Not a bad haul for us. Chad also pointed out during the awards ceremony, that when you include the Pizza Port family of beers, we earned a total of 16 Awards. If you throw out the Ribbons for Mead Categories which we didn’t enter, there were 75 Total Ribbons possible. With 16 Ribbons in tote, the Port Brewing family of brewers put their stamp on this event with resounding success.

When I got home last night, I fired up my computer and was surfing the net when I came across the results for the 2008 National American Homebrewer’s Competition. It was staggering! This nationwide competition featured over 5600 entries. To put this in perspective, the 2008 World Beer Cup that just concluded this past April judged some 2800 entries and was the largest Commercial Competition in the World! The Homebrew Competition featured double the number of entries.

I want to take a moment to send a shout out to Julian Shrago. Many of you in Southern California have no doubt crossed paths with Julian here at Port Brewing/ The Lost Abbey. We’re blessed to see Julian and Nigel (his English Bulldog) no less than once a month even though he lives behind the Orange Curtain in the OC.

Julian is one of the best homebrewers any of us know. In fact, Sage calls him the best brewer no one has ever heard of. Me, I think of him as the Great White Hype. I don’t know of too many homebrewers who have as much recognition as Julian does around here. I’m beginning to think that he’s more famous than my ego. In fact, my ego went shopping for a dog today. He mumbled something about needing a four legged co pilot. Silly me. I thought he wanted to bring man’s best friend into our life to chase the cats around the brewery.

Either way, Julian’s award comes with a major kudos from us at The Lost Abbey. You see, Julian won a silver medal in the Belgian and French Ale Category. There were only 317 entries in the category!!! DAMN! That is some kind of competition.
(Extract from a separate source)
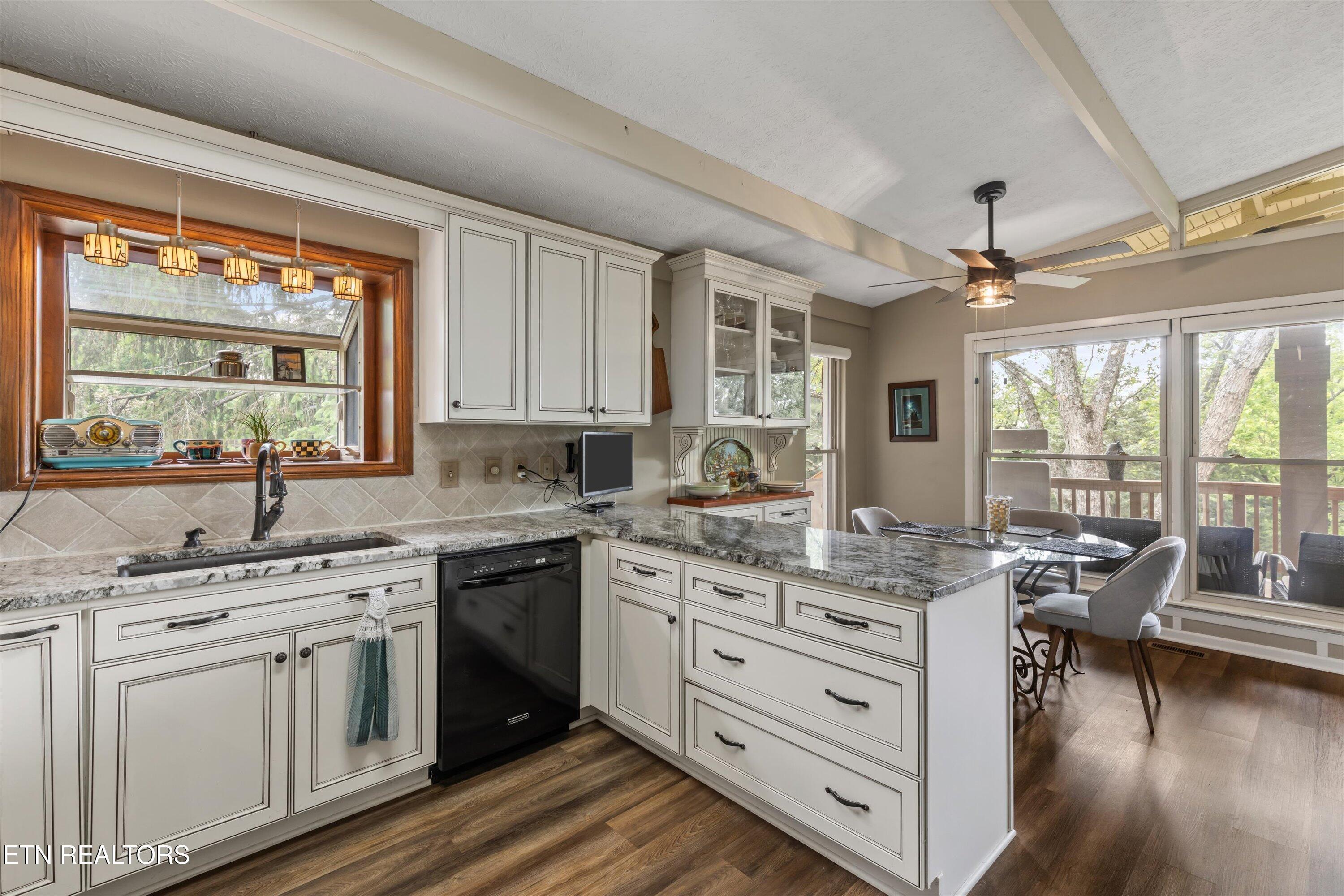 2929 Louisville Boatdock Rd, Louisville, TN - Fort Loudoun and Tellico Lake Real Estate - Image# 10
It’s been a great weekend for us around the brewery. We went to the San Diego County Fair and were decorated for our excellence in brewing. Our Pizza Port bretheren were rewarded as well. Topping it all off, some of our best friends earned awards at the San Diego County Fair and The National Homebrewers Conference. All in all, I would say it’s an inspiring weekend. Congrats to Julian and my brothers at Pizza Port. A job well done on all fronts.

(late night edit) Just got word that Tovarish Imperial Stout brewed by Julian Shrago was the Best of Show winner at the San Diego County Fair Homebrew competition today. Apparently Julian has a large “S” tatoo on his chest and is afraid of Kryptonite?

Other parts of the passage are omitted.